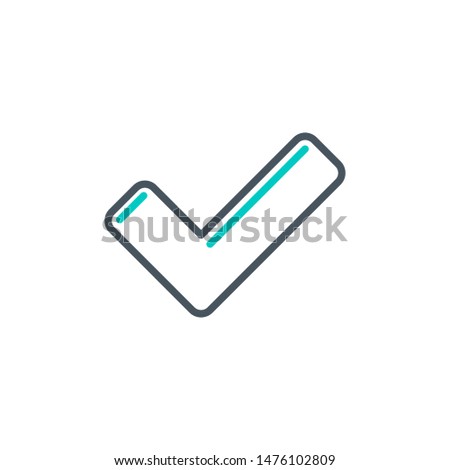complete check mark done outline flat icon. Single high quality outline logo symbol for web design or mobile app. Thin line sign design logo. Black and blue icon pictogram isolated on white background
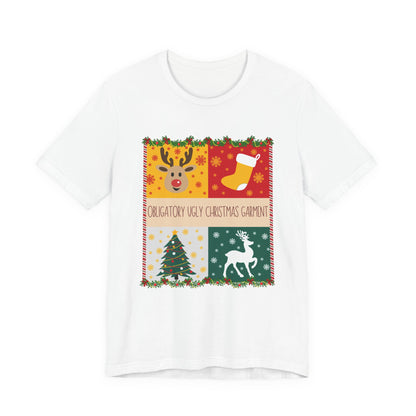 Obligatory Ugly Christmas Garment Tee | Ugly Holiday Graphic T-Shirt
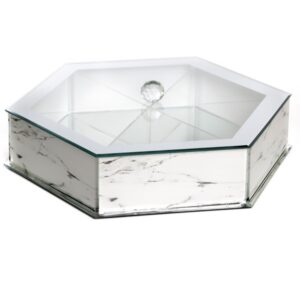 קופסא לתכשיטים משושה מראה/מכסה marble לבן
+++
Task to complete :: Word for word, return the listing above; the pictures do not belong in the copy.

Response for this exercise ::
complete check mark done outline flat icon. Single high quality outline logo symbol for web design or mobile app. Thin line sign design logo. Black and blue icon pictogram isolated on white background
 Obligatory Ugly Christmas Garment Tee | Ugly Holiday Graphic T-Shirt
 קופסא לתכשיטים משושה מראה/מכסה marble לבן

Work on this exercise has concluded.